Thanks Adele! Physical album sales went UP in 2015 as streaming doubled in the US

Adele‘s 25 claimed 3.6% of all albums sold in the US in 2015, despite only being available for six weeks.

According to Nielsen, 25 sold 7.44m copies in the calendar year – the biggest annual seller since Usher’s Confessions, which sold 7.98 million in 2004.

MBW has also got hold of data from US retail monitor BuzzAngle, which shows the impact 25’s record-breaking performance had on the entire market in 2015.

First, the surprise news: according to BuzzAngle’s data, total album sales (in unit terms) were flat in the US last year, at 208.3m.

That’s right: in the age of streaming, there was no decline in sales of the humble LP in 2015.

(That’s real sales, by the way – we’ll come on to the confusing ‘equivalent consumption’ stuff shortly.)

Indeed, physical album sales actually grew 1.1%, according to BuzzAngle, up to 101.9m.

UStotalalbums2015

Digital album downloads, meanwhile, fell by the same margin – 1.1% – to 106.4m.
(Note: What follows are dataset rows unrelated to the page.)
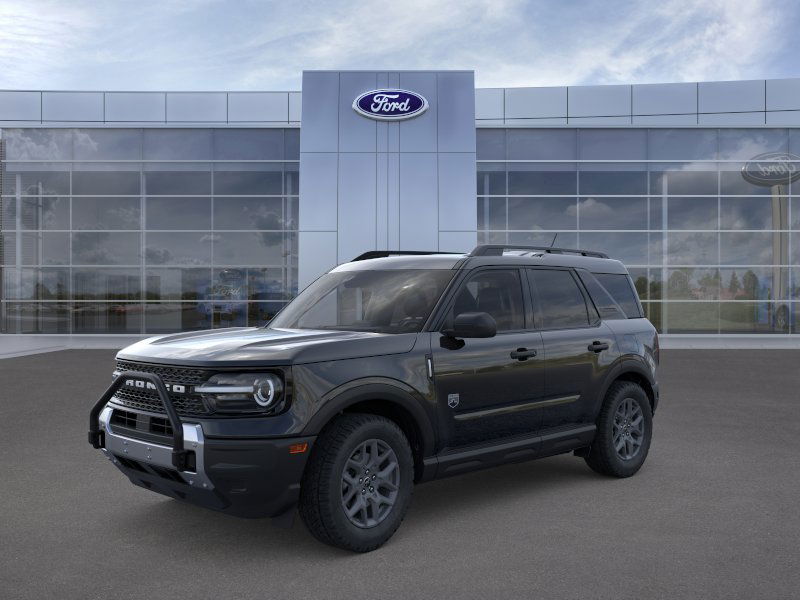 2025 Ford Bronco Sport Big Bend photo 3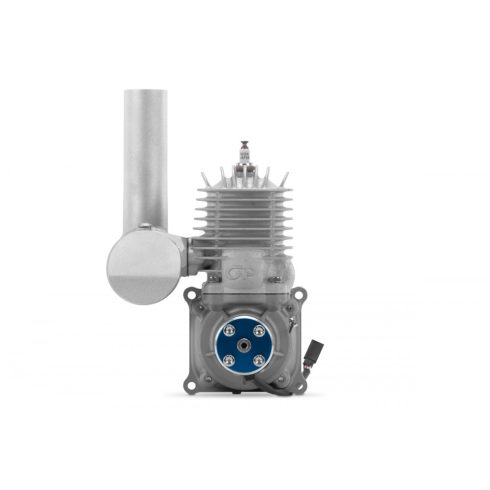 GP 61 Motor Gyújtással, Normál kipufogóval. (Rendelhető)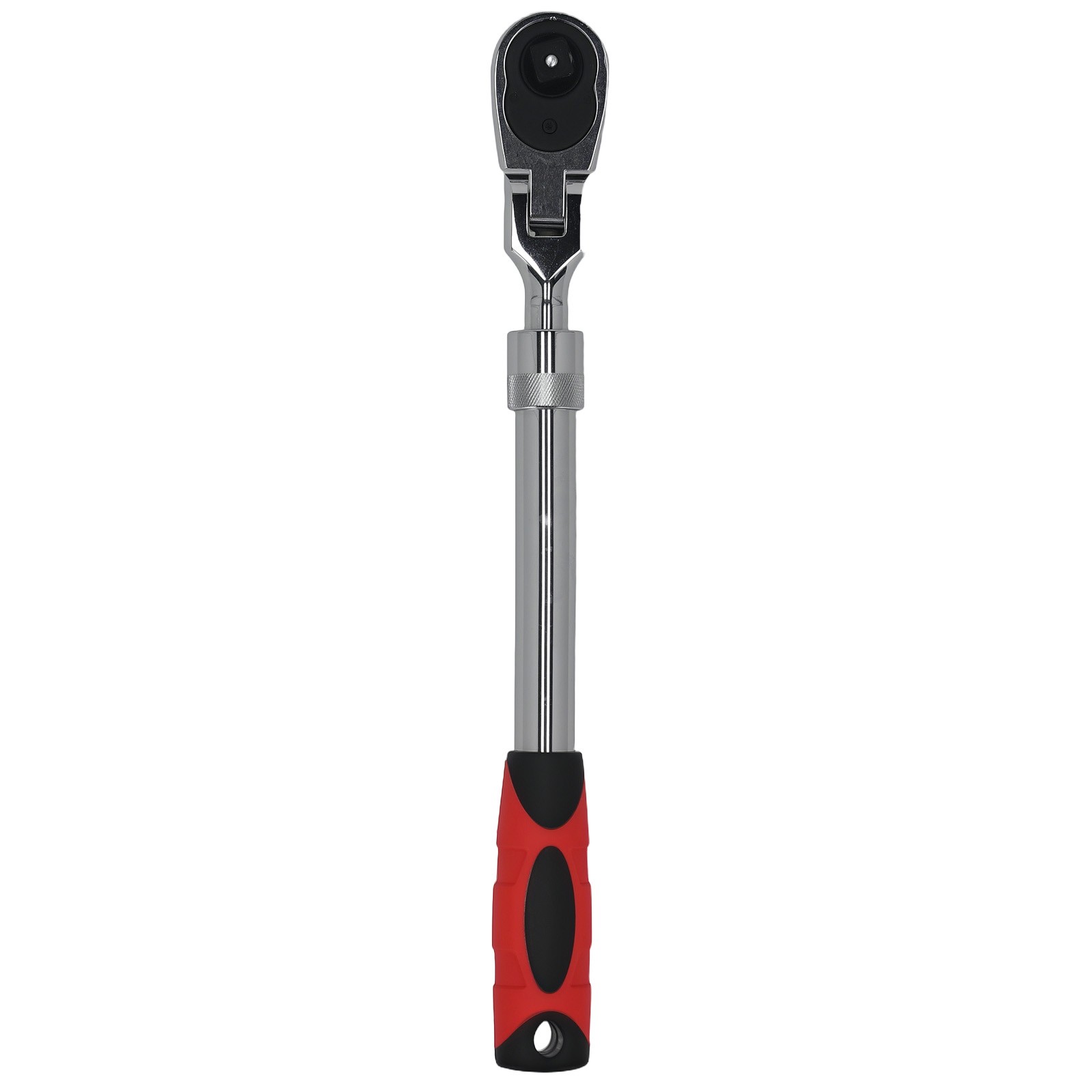 1/2in Drive 72T Ratchet Flex Head Extendable 330-440mm Quick Release 40Cr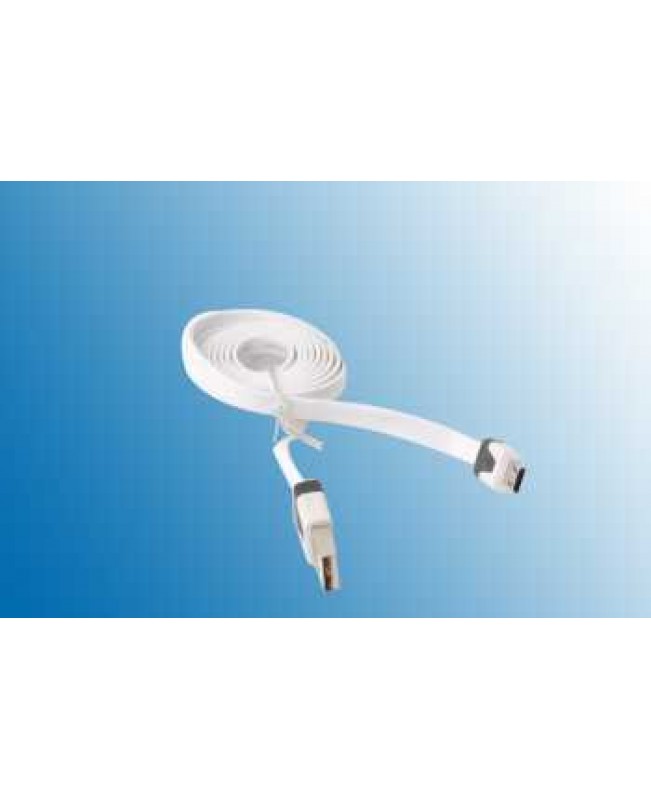 Micro USB Ladekabel (verschiedene Farben)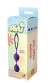 Фиолетовые вагинальные шарики Flirts Kegel Balls Фиолетовые вагинальные шарики Flirts Kegel Balls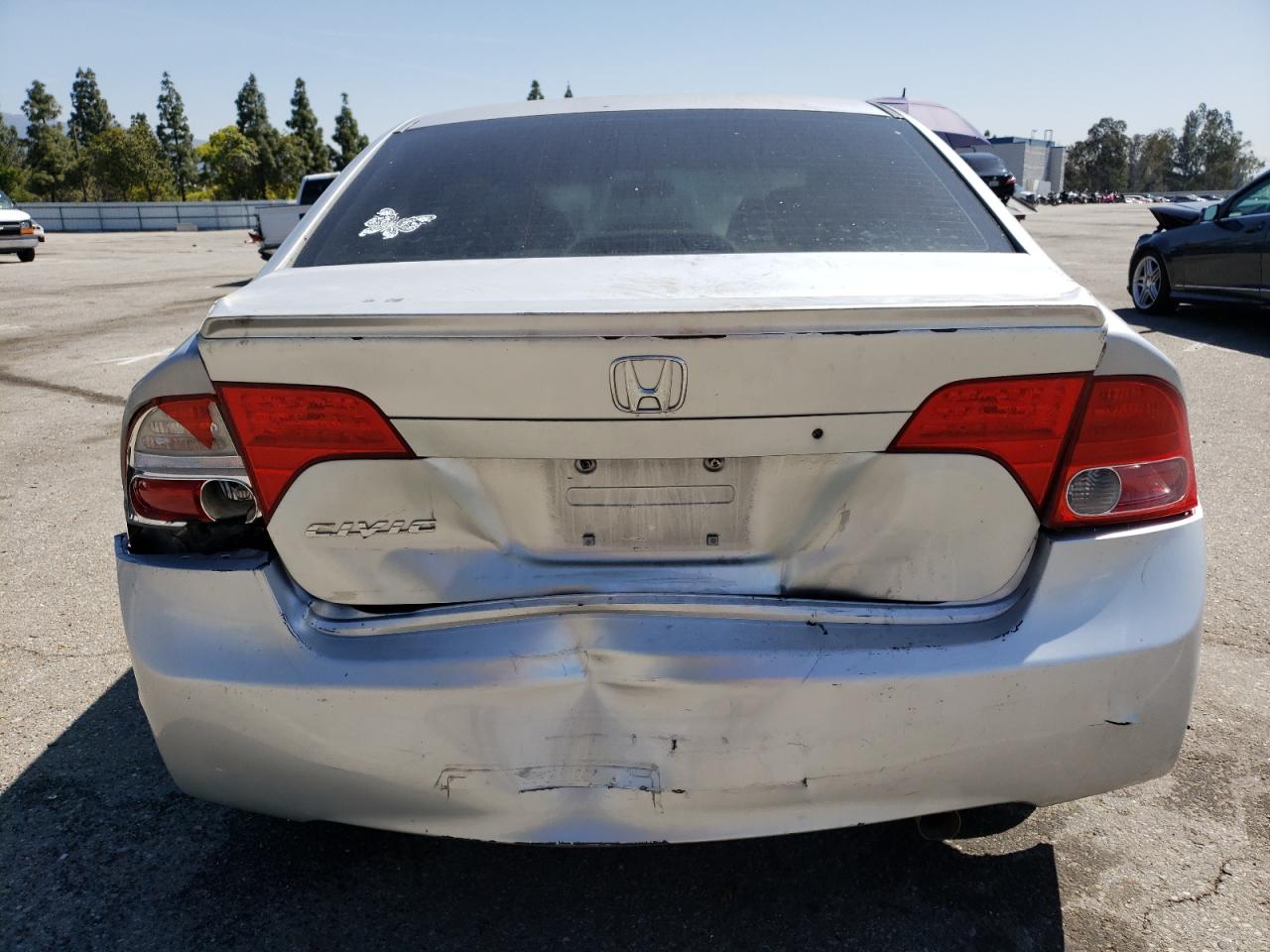 1HGFA46577L000816 2007 Honda Civic Gx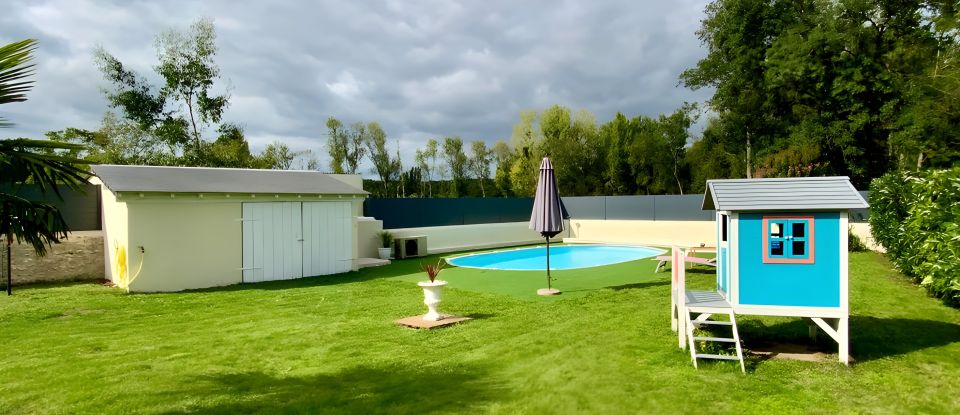 Maison 6 pièces de 195 m² à Veigné (37250)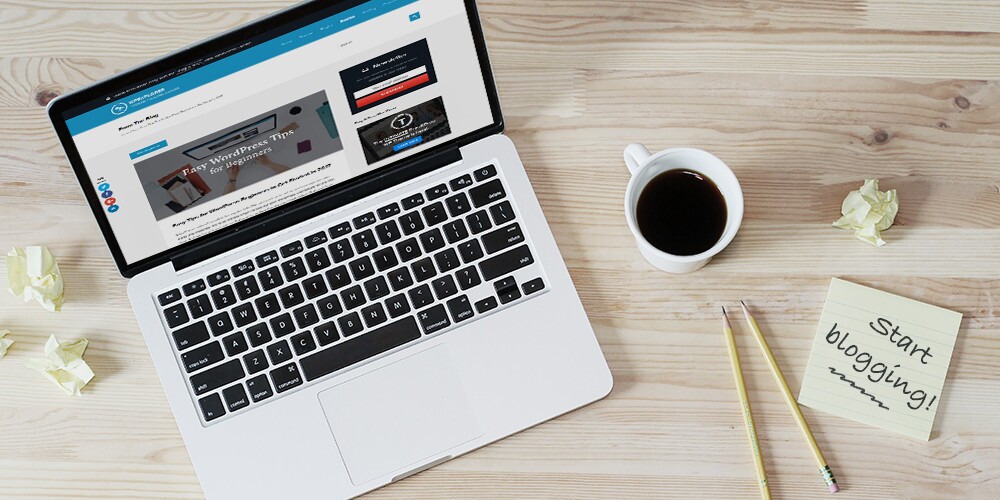 10 principais razões pelas quais você deve iniciar um blog com o WordPress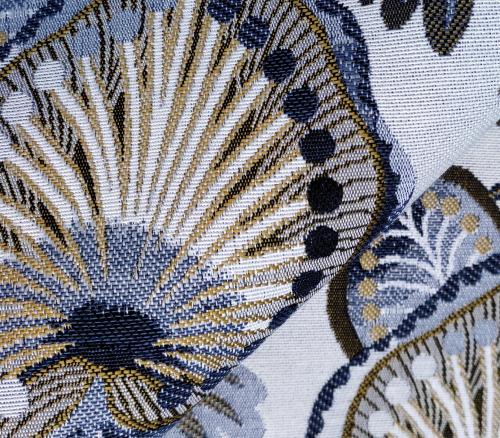 Tissu éponge Bambou Bleu Roi Vendu Au Mètre – Les Coupons De Saint-Pierre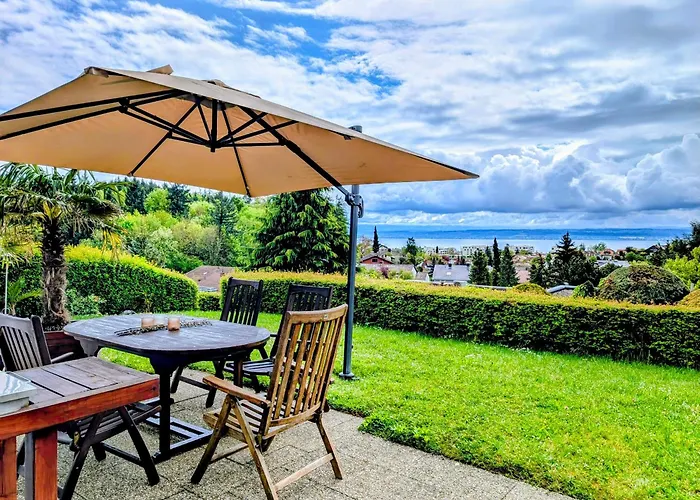 Bodensee - Palmen * دايزندورف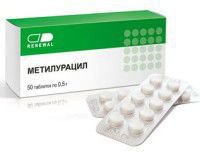 МЕТИЛУРАЦИЛ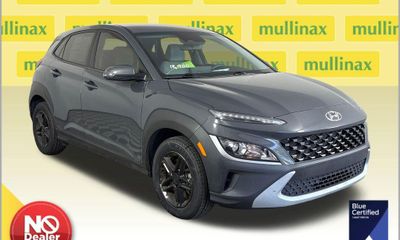 2023 Hyundai Kona SE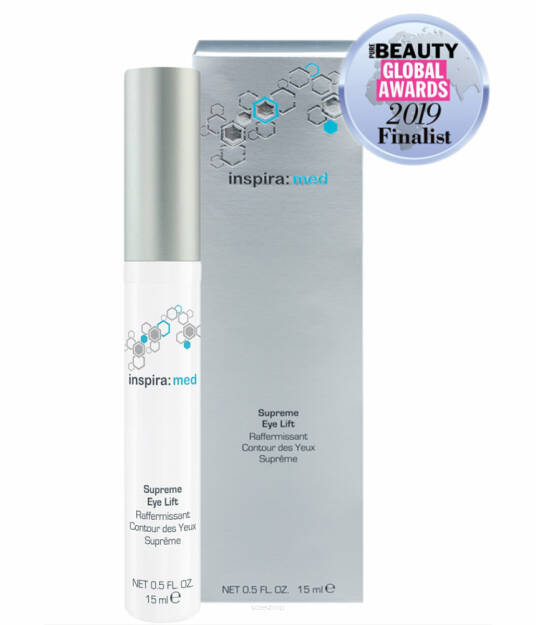 LIFTUJĄCY ŻEL NA OKOLICĘ OCZU- SUPREME EYE LIFT 15 ML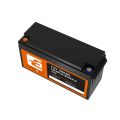 LiFePO4 baterie pro solární systémy 12,8 V 200 Ah TE12200 LITHTECH Bluetooth, BMS, IP66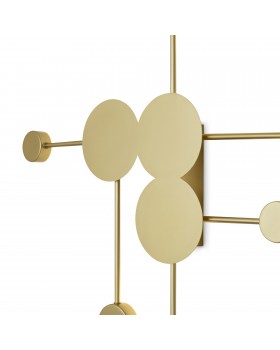 Настенный светильник (бра) Freya FR5440WL-L18G-foto3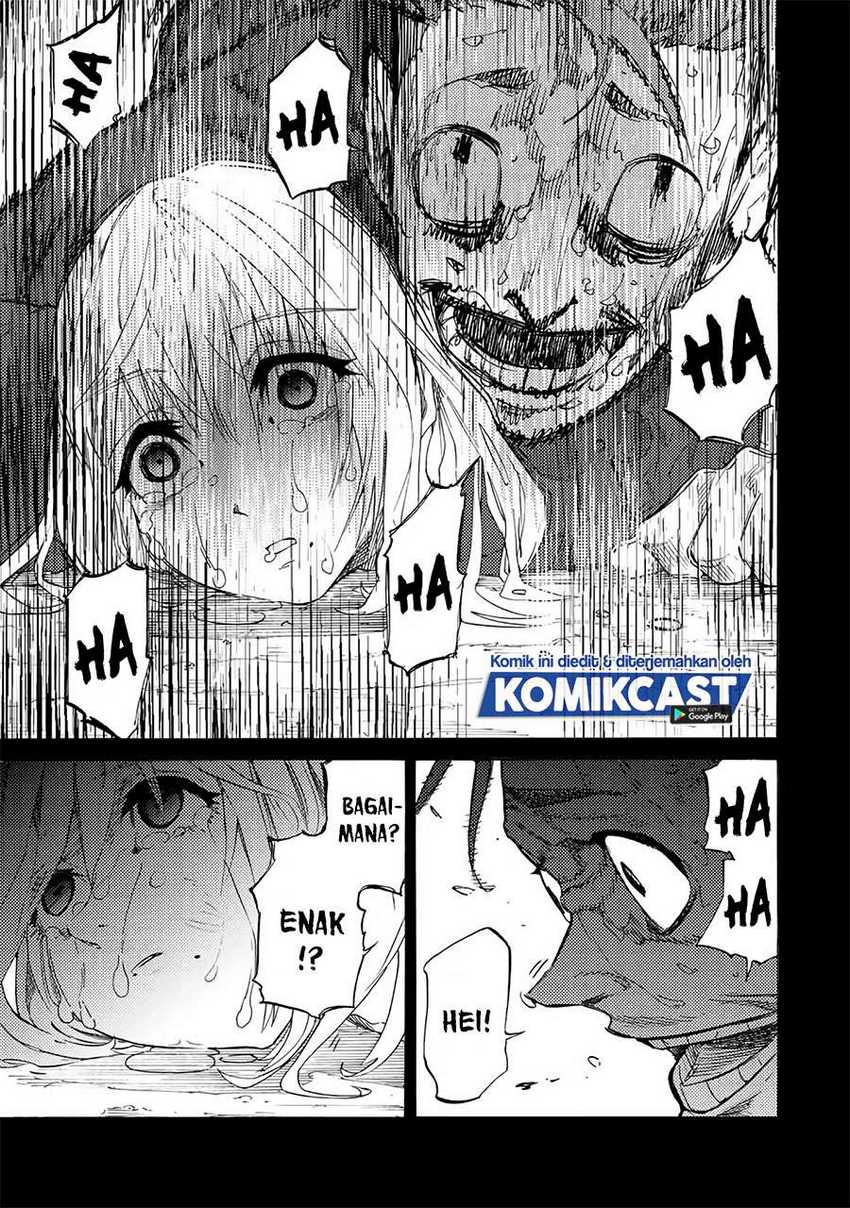 Juujika no Rokunin Chapter 30 Gambar 8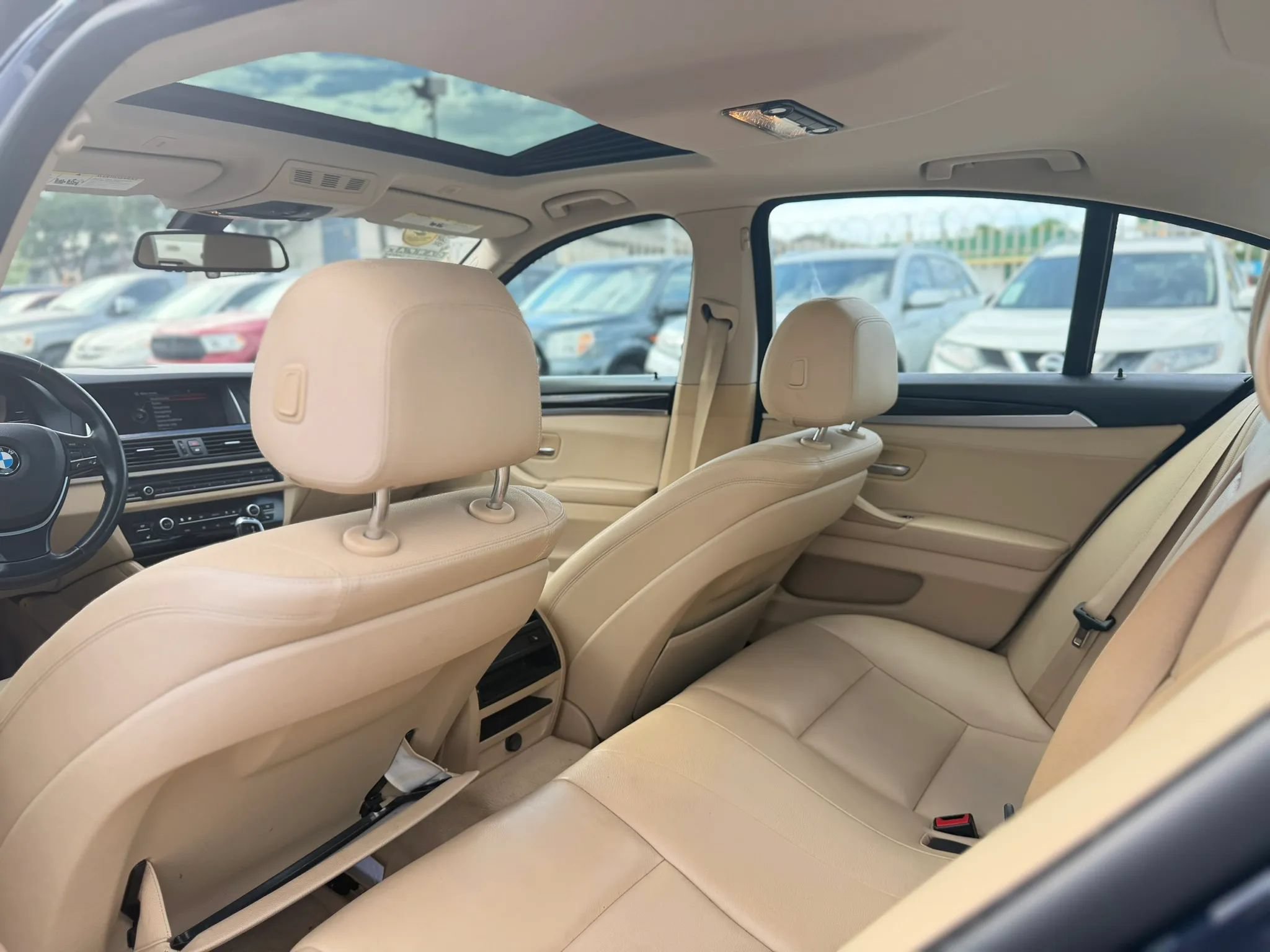 Used 2015 BMW 535i xDrive Sedan AWD/4WD image 31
And then, there was streaming.

According to BuzzAngle’s data, song streams on audio services essentially doubled, up 99.2% to 137.5bn across the year.

And song streams on video services – read YouTube and Vevo, plus a few smaller players – were up 97.9% to 168.6bn.

USphysicalvsdigital2015

Downloads of single tracks fell by 8.7% to 975.8m, as streaming continued to impact on iTunes and its competitors.

There was more good news for vinyl, up 56.6% year-on-year to 6.0m annul sales.

As for total ‘consumption’ album projects, these were up 10% to 397.4m.

BuzzAngle’s formula for these ‘albums’: Total Album Sales + (Song Sales/10) + (On-Demand Audio Streams/1,500).